Thursday, 10 August 2017

Diagnosing thermocycler issues with a cheap thermocouple and logger

Occasionally I have a peek at /r/labrats, which is a subreddit for people who work in science labs. One of the regular themes is the bemoaning of the unpredictable nature of research shared by all scientists everywhere, and such was the thread that inspired this post.

One user was complaining about some dodgy amplification results, cursing the capricious nature of the PCR gods, and among the suggestions for possible contributing factors was possible cold spots in the thermocycler. The original poster was a bit doubtful about this, so I thought I would link them to a blog post I wrote on this very topic a year or two earlier. However this was slightly hampered by that fact that it turns out I hadn’t actually ever written the post – I just meant to, and then presumably forgot to. So, in reference to that thread (note that while that initial reply has since been deleted, the subsequent thread with my replies remains here), and with future similar occasions in mind, here’s some of what I intended to say. It’s two years late, and I’m in a different institution now without access to all the files I had then, but hopefully it could still be useful.

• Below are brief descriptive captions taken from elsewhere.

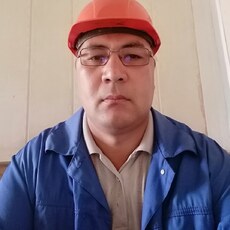 Фотография мужчины Эдуард, 45 лет из г. Гай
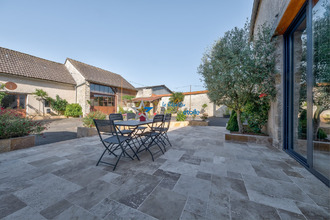 Ma-Cabane - Vente Maison Césarville-Dossainville, 275 m²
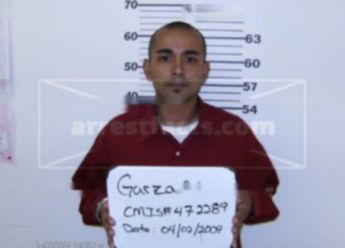Alex Garza
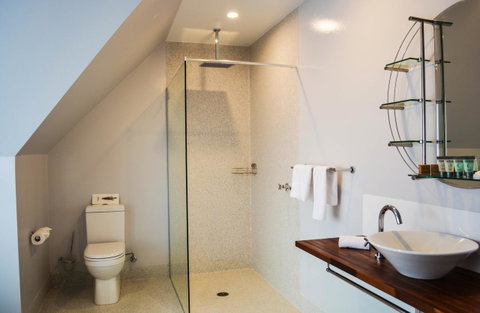 Heathfield Apartments - Broome Tourism 14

Essentially, I was in a somewhat similar position to that Reddit poster, in that I had been getting some dodgy and inexplicable PCR results, as had others in my lab. After a series of control experiments, I began to suspect that it was the potentially the cycler itself that was to blame – the four-block G-STORM I was using was getting pretty old (the cream plastic was even starting to go that grungy ‘old keyboard’ shade of yellow), so I resolved to try to measure whether it was operating as expected.

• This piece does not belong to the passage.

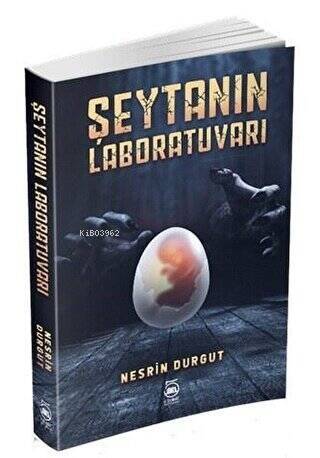 Şeytanın Laboratuvarı - 1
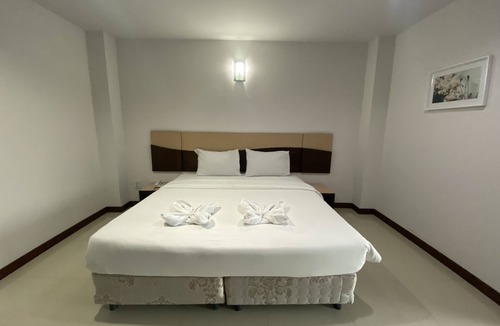 Phetchabun Hotel | Tamarind Place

To do this I ordered a cheap K type thermocouple probe and a basic logger (which, combining my memory with my Google Fu skills, I think was the EasyLog EL-USB-TC-LCD Data Logger from Lascar Electronics.

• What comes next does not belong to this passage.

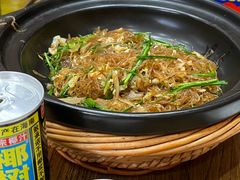 -锦月楼百姓厨房(大箕山商业广场店)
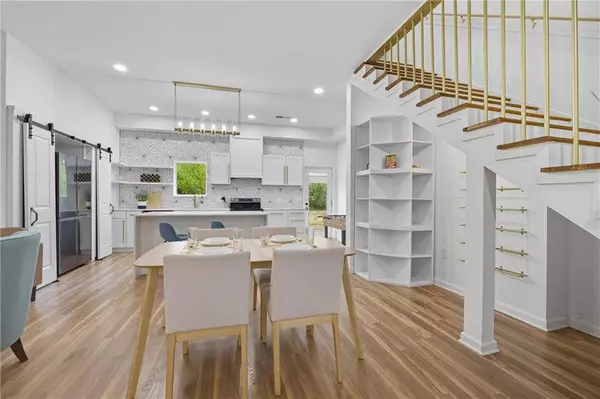 1278 Plaza AVE SW #A, Atlanta, GA 30310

What I did then was poke a small hole in the top of a 0.2 ml PCR tube, the same kind I use for all my PCRs, add 50 ul of water inside, poke the thermocouple in through the side so that the probe tip is under the water level, and then hold it in place/seal the hole with a tiny strip of Parafilm. I don’t have a photo, but I found this beautiful reconstruction that I drew for a lab presentation I gave around the time:

 

Then I simply ran a bunch of different cycling steps, some PCRs, some incubations, some mock runs, and then plotted what temperatures were recorded throughout these programs, for different wells in the same block, across the four blocks in the machine. Unfortunately, I don’t seem to have copies of most of these plots, but the few I do have make the case well enough. Here are the first tests, showing that different opposite corners of the blocks failed to hit the proclaimed temperature in simple two-step heating experiments:
 

And here is a far more damning example, of two wells in the same block of the same PCR machine (which had incidentally recently been ‘repaired’) in a short mock PCR cycle (denaturing at 95°, annealing at 55° and then extending at 72°): one of the wells sampled failed to hit either denaturation or annealing in the allotted time! No wonder these amplifications were failing.

 

Happily, in this situation, it was a problem easily solved: we bought a new PCR machine, and I’d caught the problem before any important results could be affected. However, it really does make you wonder just how much you can trust your thermocycler? Or your heat blocks (especially above 60°, where the alcohol thermometers found in labs cease to be useful)? You know, those crucial bits of kit upon which whole sections of the output of your lab is possibly utterly reliant, and yet which you probably have no readout for or data on other than the traces that the inbuilt software displays on the screen (which I should say, were always completely normal on all of the dodgy blocks I tested).

The total price of the kit required to do the tests I described above was about £80, or $100, with 95% of that being the logger. This is considerably less than you probably regularly spend on polymerase, if your lab does a lot of PCR, which seems like a pretty small price to pay to be confident your reactions are proceeding as planned.